Paris ready-to-wear week does a black flip

7th March 2005, Comments 0 comments

PARIS, March 7 (AFP) - The world's top designers glanced at the bottom line before Paris ready-to-wear week, which ended Monday, offering a safe return to basic black with their commercially sound, elegant collections for next winter.

PARIS, March 7 (AFP) - The world's top designers glanced at the bottom line before Paris ready-to-wear week, which ended Monday, offering a safe return to basic black with their commercially sound, elegant collections for next winter.

"Black is going to be dominant," explained Joan Kaner, senior vice president and fashion director for upmarket US department store Neiman Marcus. "I love the little black dress. It's an important statement of the season."

The so-called LBD, in fashion lingo, surfaced just about everywhere on the Paris catwalks for autumn-winter 2005-06, from the pearl-edged cocktail dresses of Karl Lagerfeld for Chanel to the Parisian chic of Sonia Rykiel.

Satin jeans at Valentino, flowing jersey gowns at Guy Laroche, Art Deco style at Louis Vuitton, Stella McCartney's urban chic - everyone jumped on the black bandwagon for next winter, making it once again the must-have shade.

The underlying reason for the return to basic black is perhaps the need to boost sales - from Christian Dior to Jean-Paul Gaultier, the catwalk shows had a decidedly commercial edge, offering less theatrics and more wearable clothes.

Nowhere was this trend more apparent than at Dior, where British designer John Galliano dispensed with the raised catwalk, stage make-up and flashing lights to unveil a sensual, simple, accessible collection.

"It's no longer a question of striking the right balance, but one of radical change," said Kappauf, founder and director of fashion magazine Citizen K.

"That was the most obvious at Dior. Before, we never saw anything from the catwalk in the boutiques. Now we do!"

But Kaner, Kappauf and Pascale Camart, chief womenswear buyer for French department store Galeries Lafayette, all agreed that creativity had not been sacrificed on the altar of improved financial results.

"It's up to the designer to manage both the overall effect of the catwalk show and the accounting books," Kappauf said.

"The fact that the collections are in general very wearable does not rule out creativity. Thinking only of the bottom line, seeing only commercial collections on the catwalk is not interesting," he added.

Camart added: "We carry so many lines that we have to look for the designers' most spectacular ensembles. Those are the pieces that are sold first."

Among those collections hailed by industry experts as the best of the week were Rochas, where Olivier Theyskens sketched out a lean Edwardian silhouette, Balenciaga by Nicolas Ghesquiere, Chloe, Chanel and Lanvin by Alber Elbaz.

"I love the cleanness of it, the spareness, the sophistication, the kind of quiet elegance in both of the collections," Kaner said of Rochas and Balenciaga, which she called the week's "most directional" shows.
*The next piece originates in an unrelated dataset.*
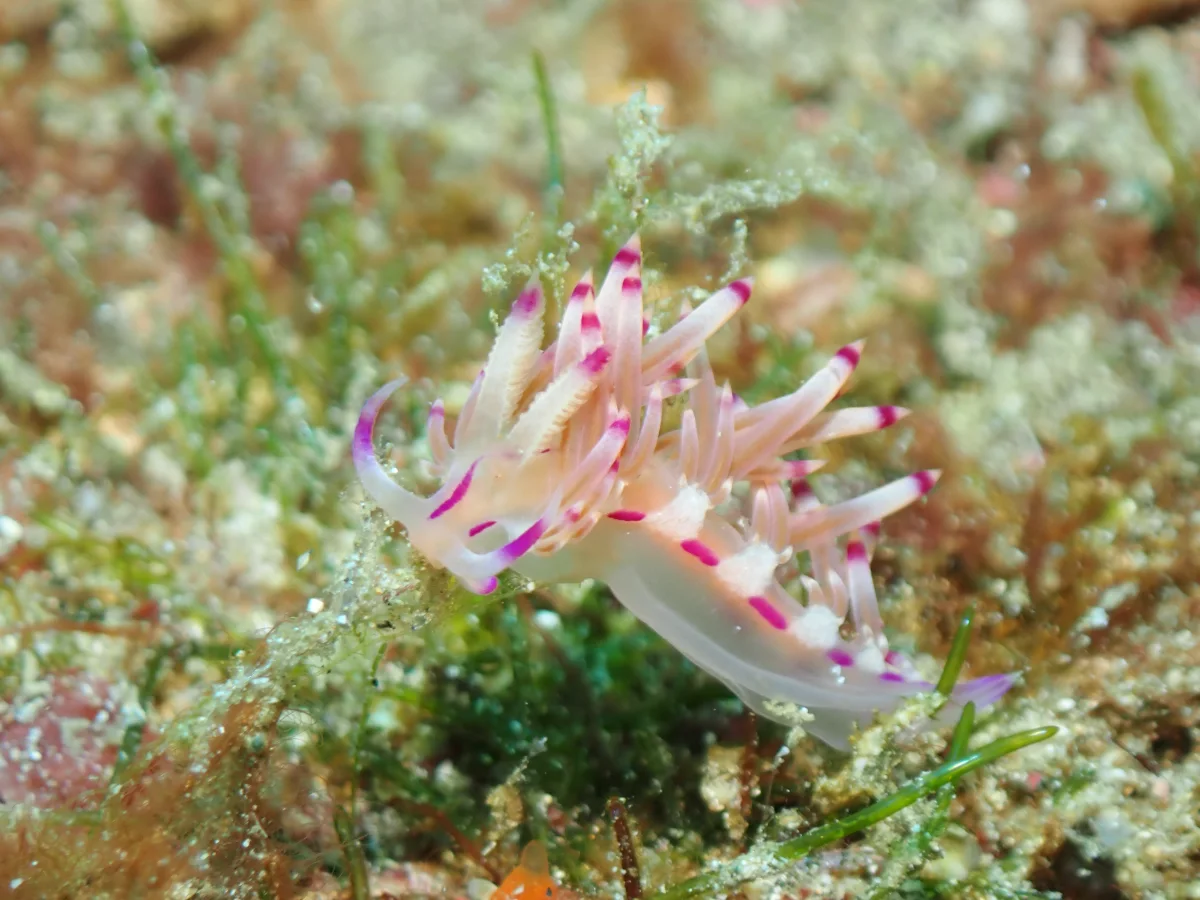 Coryphellina lotos - Philippines - Anilao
Kaner put forth "elegance" as the key word of the week, explaining: "We've been dressing girls for too long and now it's time to dress women."

Alexander McQueen, Galliano and Gaultier for Hermes paid tribute to screen sirens with their collections. A few real film stars popped up in Paris during fashion week, like Julianne Moore at Dior and Uma Thurman at Louis Vuitton.
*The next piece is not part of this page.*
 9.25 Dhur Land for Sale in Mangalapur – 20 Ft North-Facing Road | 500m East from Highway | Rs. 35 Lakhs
Some houses resisted the "black is back" motto like Kenzo, where Italian designer Antonio Marras delivered a colourful tour-de-force collection, mixing traditions, cultures and styles with brio.

As in Milan, fur popped up everywhere in Paris - purple shrugs at Celine, mink-edged handbags at Vuitton, belted red crocodile coats with mink trim at Dior and fur-lined black parkas at Christian Lacroix.

The week saw a few debuts, with US designer Patrick Robinson replacing Paco Rabanne's 1960s metal dresses with sensible clothes in velvet and lace and Vincent Darre sketching a 1960s silhouette in bold colours at Emanuel Ungaro.

On Monday, the question of succession in the fashion industry surfaced anew with a report in the International Herald Tribune that Italian label Valentino is seeking to replace the house's legendary founder.

A Valentino spokeswoman told AFP only that "discussions are taking place within the house," adding: "As long as Mr Valentino is well, he will continue."